__Aim of the task__. Set out exactly every line of the entries below, starting at the line that holds "Simulation Artificial Pomegranate" and stopping after the line that holds "Snowflake Gr Unbranded".

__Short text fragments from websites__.
=======

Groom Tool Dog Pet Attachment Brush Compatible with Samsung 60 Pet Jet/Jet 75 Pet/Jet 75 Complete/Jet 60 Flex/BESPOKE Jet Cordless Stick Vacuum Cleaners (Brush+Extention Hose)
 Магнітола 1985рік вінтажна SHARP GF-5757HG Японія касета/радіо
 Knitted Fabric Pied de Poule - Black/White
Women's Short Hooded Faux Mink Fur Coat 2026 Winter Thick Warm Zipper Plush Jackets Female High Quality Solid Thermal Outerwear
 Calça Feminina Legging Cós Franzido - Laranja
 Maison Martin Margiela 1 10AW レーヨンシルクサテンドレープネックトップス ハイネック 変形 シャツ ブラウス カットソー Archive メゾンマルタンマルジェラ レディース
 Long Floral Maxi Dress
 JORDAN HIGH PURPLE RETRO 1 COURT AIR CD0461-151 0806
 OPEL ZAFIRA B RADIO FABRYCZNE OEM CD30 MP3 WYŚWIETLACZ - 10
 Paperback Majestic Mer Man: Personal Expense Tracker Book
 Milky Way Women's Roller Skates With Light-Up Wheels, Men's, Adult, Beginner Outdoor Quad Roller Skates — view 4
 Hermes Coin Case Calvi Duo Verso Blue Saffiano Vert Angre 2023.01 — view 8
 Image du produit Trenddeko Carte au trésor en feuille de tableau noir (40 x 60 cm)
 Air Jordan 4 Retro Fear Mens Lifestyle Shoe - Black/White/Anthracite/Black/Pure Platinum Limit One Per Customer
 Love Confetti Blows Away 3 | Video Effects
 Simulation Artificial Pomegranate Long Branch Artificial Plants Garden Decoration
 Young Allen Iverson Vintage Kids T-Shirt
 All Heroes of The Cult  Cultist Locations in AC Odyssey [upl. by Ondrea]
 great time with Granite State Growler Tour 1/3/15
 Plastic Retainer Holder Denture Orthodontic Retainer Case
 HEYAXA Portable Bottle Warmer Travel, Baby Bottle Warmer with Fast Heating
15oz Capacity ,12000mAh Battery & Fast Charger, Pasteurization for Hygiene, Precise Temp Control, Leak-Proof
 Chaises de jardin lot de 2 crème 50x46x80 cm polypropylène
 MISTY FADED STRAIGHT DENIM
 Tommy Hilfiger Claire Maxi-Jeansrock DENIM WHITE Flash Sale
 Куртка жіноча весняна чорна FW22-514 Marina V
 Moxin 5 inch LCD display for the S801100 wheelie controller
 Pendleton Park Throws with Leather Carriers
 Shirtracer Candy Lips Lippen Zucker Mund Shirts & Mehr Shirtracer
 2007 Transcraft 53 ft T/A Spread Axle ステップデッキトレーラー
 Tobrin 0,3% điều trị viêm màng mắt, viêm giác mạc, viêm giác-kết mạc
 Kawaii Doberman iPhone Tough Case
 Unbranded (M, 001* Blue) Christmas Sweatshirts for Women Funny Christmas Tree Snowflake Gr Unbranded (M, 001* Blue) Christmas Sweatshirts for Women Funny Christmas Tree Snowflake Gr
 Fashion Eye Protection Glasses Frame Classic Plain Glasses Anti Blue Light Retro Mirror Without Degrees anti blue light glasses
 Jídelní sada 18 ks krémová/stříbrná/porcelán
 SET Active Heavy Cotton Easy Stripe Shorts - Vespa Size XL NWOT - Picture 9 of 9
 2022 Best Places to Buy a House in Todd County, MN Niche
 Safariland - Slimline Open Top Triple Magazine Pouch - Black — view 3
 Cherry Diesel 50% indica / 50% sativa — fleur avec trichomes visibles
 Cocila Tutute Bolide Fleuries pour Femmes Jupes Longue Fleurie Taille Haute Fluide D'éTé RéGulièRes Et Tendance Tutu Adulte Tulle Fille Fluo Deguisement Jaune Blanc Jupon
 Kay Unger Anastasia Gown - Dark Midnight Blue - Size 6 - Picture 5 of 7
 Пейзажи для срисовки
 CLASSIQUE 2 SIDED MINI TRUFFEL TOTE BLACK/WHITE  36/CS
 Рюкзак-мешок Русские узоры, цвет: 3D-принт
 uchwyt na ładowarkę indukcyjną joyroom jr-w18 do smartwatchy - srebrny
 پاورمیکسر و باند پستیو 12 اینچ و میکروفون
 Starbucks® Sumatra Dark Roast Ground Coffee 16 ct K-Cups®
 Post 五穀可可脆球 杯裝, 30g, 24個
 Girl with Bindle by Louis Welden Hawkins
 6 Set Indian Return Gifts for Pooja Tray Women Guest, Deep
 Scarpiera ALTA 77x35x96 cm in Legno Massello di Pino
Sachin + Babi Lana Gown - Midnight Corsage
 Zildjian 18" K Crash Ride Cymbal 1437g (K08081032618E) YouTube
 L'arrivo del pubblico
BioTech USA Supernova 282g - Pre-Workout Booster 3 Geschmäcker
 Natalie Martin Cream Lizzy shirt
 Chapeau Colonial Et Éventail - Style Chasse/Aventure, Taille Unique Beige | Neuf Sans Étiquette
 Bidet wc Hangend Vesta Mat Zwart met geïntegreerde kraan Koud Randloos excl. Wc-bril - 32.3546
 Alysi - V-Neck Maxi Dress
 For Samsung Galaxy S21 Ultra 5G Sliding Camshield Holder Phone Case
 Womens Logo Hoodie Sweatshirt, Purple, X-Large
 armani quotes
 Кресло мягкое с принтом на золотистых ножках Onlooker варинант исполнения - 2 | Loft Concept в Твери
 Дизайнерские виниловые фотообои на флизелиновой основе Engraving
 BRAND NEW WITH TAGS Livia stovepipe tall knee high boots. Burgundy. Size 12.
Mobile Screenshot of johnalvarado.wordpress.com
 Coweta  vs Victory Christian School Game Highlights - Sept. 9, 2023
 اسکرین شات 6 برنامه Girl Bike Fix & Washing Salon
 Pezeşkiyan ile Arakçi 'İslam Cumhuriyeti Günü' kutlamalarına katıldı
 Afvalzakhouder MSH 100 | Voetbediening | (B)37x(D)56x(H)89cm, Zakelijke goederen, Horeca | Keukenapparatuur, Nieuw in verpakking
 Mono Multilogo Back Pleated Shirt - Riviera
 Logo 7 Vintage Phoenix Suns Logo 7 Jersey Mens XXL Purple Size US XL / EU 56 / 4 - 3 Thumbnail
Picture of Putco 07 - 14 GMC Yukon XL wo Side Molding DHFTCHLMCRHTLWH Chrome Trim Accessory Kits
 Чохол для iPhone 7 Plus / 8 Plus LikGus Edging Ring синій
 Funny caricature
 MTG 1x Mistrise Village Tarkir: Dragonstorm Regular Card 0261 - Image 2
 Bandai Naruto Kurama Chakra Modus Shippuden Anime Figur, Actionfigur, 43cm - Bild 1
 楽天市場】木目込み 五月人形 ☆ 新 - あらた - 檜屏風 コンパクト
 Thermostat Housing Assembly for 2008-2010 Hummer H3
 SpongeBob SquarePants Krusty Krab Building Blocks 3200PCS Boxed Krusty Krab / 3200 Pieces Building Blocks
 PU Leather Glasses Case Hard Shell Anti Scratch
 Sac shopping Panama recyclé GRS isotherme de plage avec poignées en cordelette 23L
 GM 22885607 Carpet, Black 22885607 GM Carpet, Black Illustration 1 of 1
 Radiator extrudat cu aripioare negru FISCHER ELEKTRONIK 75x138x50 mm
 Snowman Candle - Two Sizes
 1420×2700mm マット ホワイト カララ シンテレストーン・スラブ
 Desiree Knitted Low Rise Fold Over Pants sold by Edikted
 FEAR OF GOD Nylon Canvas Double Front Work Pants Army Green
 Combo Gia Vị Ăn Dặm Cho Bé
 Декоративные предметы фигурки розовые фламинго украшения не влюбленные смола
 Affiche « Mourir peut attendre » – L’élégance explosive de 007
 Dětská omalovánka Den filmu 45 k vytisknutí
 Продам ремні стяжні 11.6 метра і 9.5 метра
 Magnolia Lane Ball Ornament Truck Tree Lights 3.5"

=======

__Result__.
 Simulation Artificial Pomegranate Long Branch Artificial Plants Garden Decoration
 Young Allen Iverson Vintage Kids T-Shirt
 All Heroes of The Cult  Cultist Locations in AC Odyssey [upl. by Ondrea]
 great time with Granite State Growler Tour 1/3/15
 Plastic Retainer Holder Denture Orthodontic Retainer Case
 HEYAXA Portable Bottle Warmer Travel, Baby Bottle Warmer with Fast Heating
15oz Capacity ,12000mAh Battery & Fast Charger, Pasteurization for Hygiene, Precise Temp Control, Leak-Proof
 Chaises de jardin lot de 2 crème 50x46x80 cm polypropylène
 MISTY FADED STRAIGHT DENIM
 Tommy Hilfiger Claire Maxi-Jeansrock DENIM WHITE Flash Sale
 Куртка жіноча весняна чорна FW22-514 Marina V
 Moxin 5 inch LCD display for the S801100 wheelie controller
 Pendleton Park Throws with Leather Carriers
 Shirtracer Candy Lips Lippen Zucker Mund Shirts & Mehr Shirtracer
 2007 Transcraft 53 ft T/A Spread Axle ステップデッキトレーラー
 Tobrin 0,3% điều trị viêm màng mắt, viêm giác mạc, viêm giác-kết mạc
 Kawaii Doberman iPhone Tough Case
 Unbranded (M, 001* Blue) Christmas Sweatshirts for Women Funny Christmas Tree Snowflake Gr Unbranded (M, 001* Blue) Christmas Sweatshirts for Women Funny Christmas Tree Snowflake Gr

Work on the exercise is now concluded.